James White was overjoyed to receive Ellen's telegram that she, with Mary Clough, would meet him at the Melvern, Kansas, camp meeting, which was due to open on Thursday, May 25. He hastened off twenty postcards to as many points in Kansas, giving the welcome word. He had summoned J. H. Waggoner to come from California to assist him, for he felt the need of help through the camp meeting season. This he now canceled, for Ellen would be taking many of the meetings.
He assured Willie and Mary, in Oakland, that he would be on the grounds with ample preparations made, and he was, but Ellen White's train was delayed; instead of arriving on Friday, she was driven onto the grounds early Sabbath morning. She was weary after six days of travel, including a twenty-mile trip by farm wagon over bad roads, a journey broken by a stop for the night at the home of a friend.
"Weary, of course," reported James White, "short of sleep, and trembling with nervous headache, she takes the speaker's stand at half past ten and is wonderfully sustained in her effort."--The Signs of the Times, June 8, 1876. She was the speaker that evening also to a congregation increasing in numbers. James White described the encampment, first as things looked on Friday, before Mrs. White and Mary arrived:
The weather is fine, the grove pleasant, and besides the two large tents, one seated for the congregation, and the other parted with cloth for families, there are on the ground seventeen family tents, besides several covered wagons used for lodgings....
By the assistance of many with cheerful hearts and ready hands, our tent is pitched, board floor is laid, and the tent is furnished with chairs, table, beds, bedding, et cetera, ready to receive Mrs. White and her niece from California and other expected friends.--Ibid.
Continuing his report, he wrote of Sunday:
It is our turn to speak. The audience is large and attentive. Mrs. White speaks in the afternoon, and calls forty or more forward for prayers. This is an excellent move. We often lose ground on First-day before the crowd for want of moral courage to keep at our work for the advancement of the church and the conversion of sinners. But at this meeting decided advancement is made on First-day.

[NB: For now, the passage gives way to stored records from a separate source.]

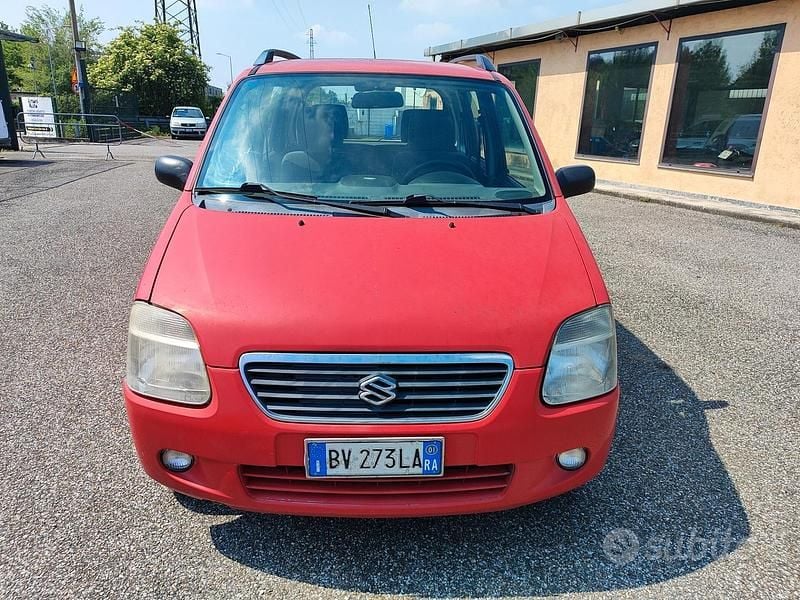 Usata Suzuki Wagon R+ GL 76 CV (55 kW) 2001 Rosso Monovolume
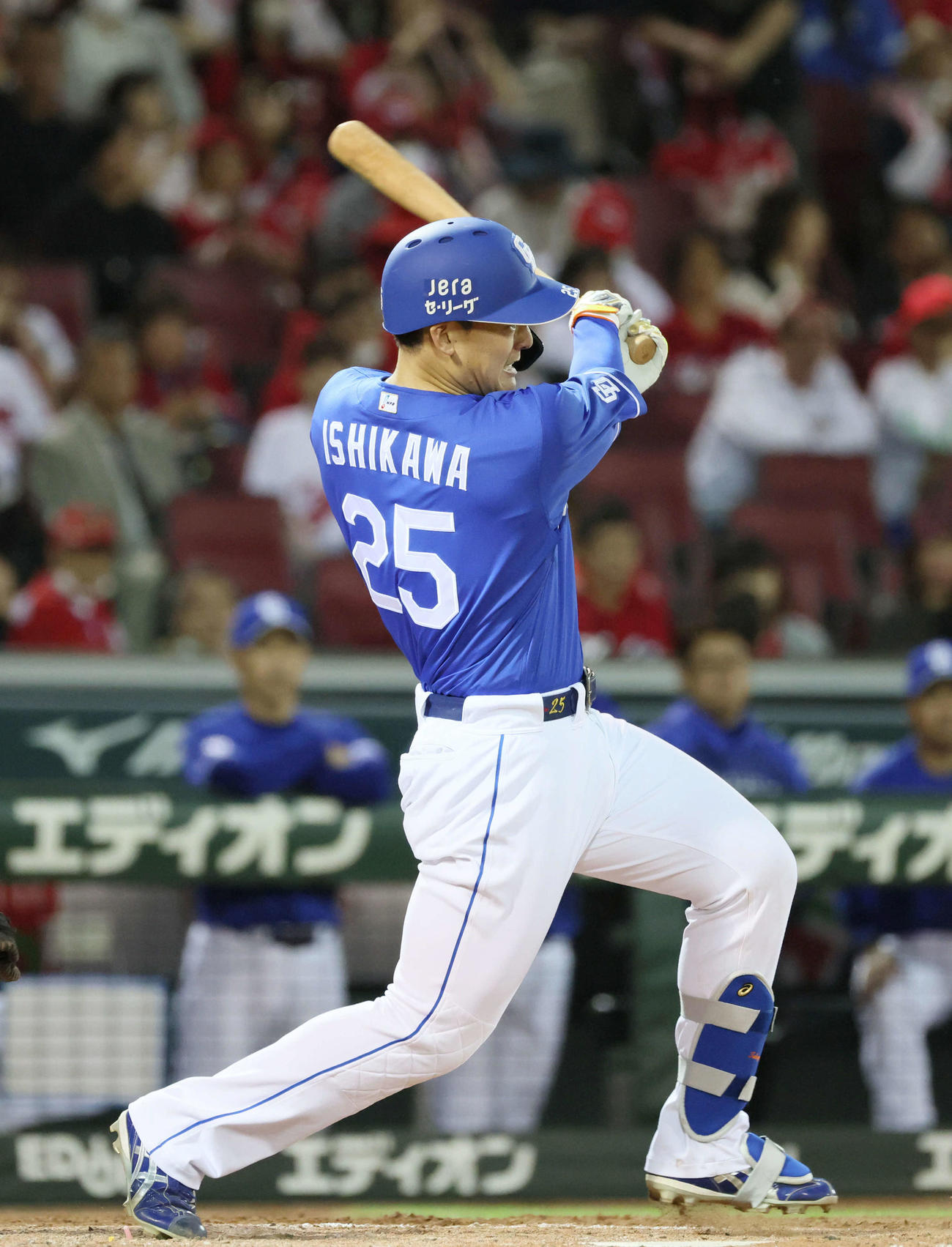 広島対中日　5回表中日1死一,二塁、石川昂は左2点適時二塁打を放つ（撮影・加藤孝規）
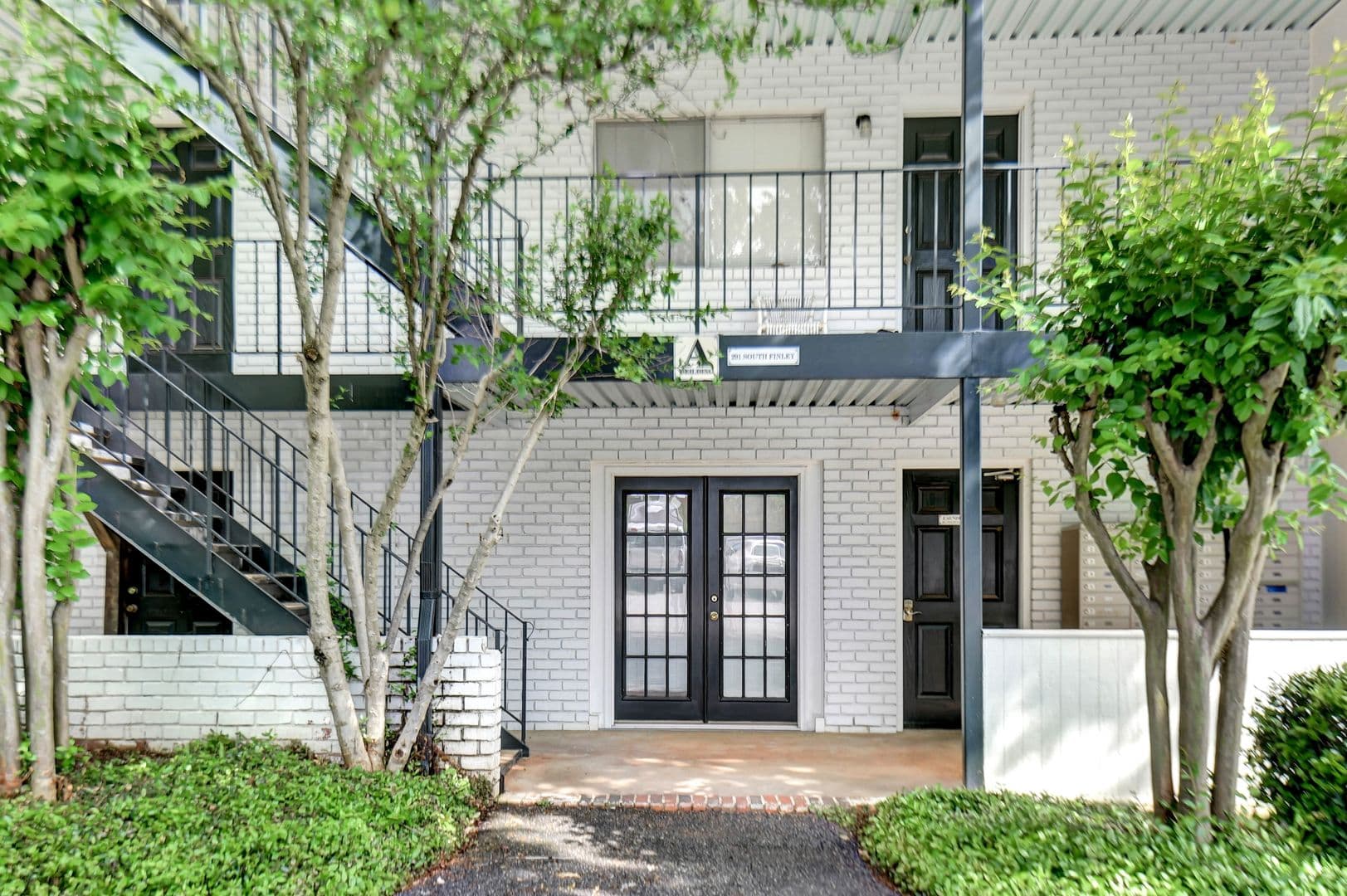 Athens Apartment: 291 S. Finley St.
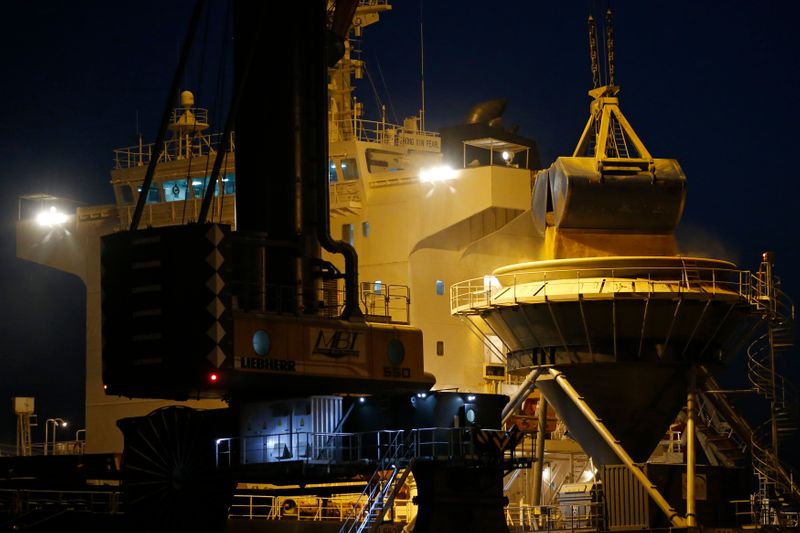 © Reuters. Navio Zhong Xin Pearl descarregando soja no porto de Nantes Saint-Nazaire em Donges, na França.
13/10//2015 
REUTERS/Stephane Mahe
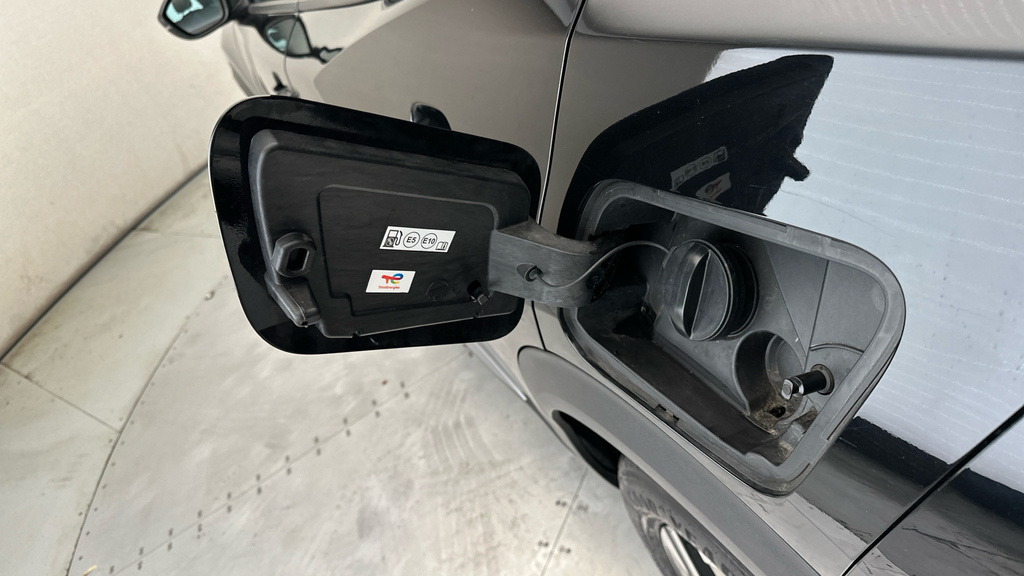 Peugeot 2008 Active White #26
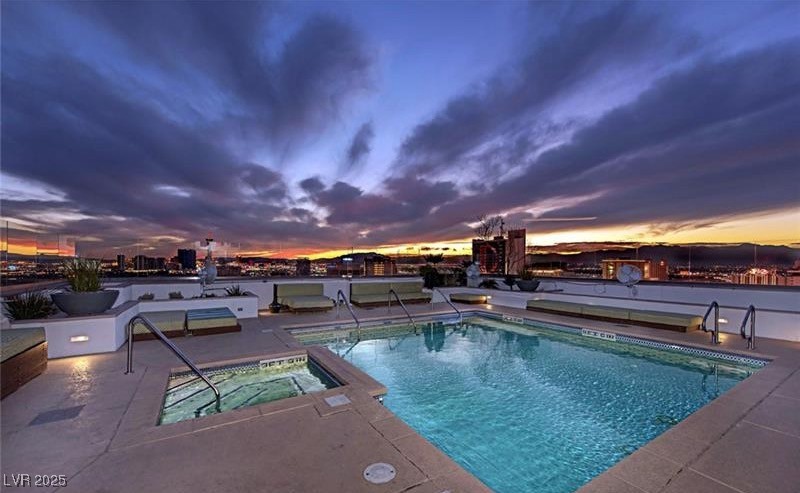 150 North Las Vegas Boulevard 818 Property Photo 35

Before the evening discourse we hold a meeting for the special benefit of those who are seeking the Lord. Near fifty come forward. The interest of this social meeting increases until the last. Many speak for the first time.--Ibid.
Monday was a full day and concluded with a meeting of which he wrote:
In the evening, Mrs. White speaks with great power upon progressive sanctification as expressed by the apostle, on the plan of perpetual addition, until an abundant entrance is given into the immortal kingdom. 2 Peter 1:5-11. At the close of the meeting eight or ten rise up as candidates for baptism.
Third-day morning. The camp has arisen at four, and we are enjoying a precious social parting meeting. This moment Mrs. White is making closing remarks, exhorting the brethren and sisters to watch lest they lose Jesus by the way in returning home, as Joseph and Mary lost Christ in returning from Jerusalem.--Ibid.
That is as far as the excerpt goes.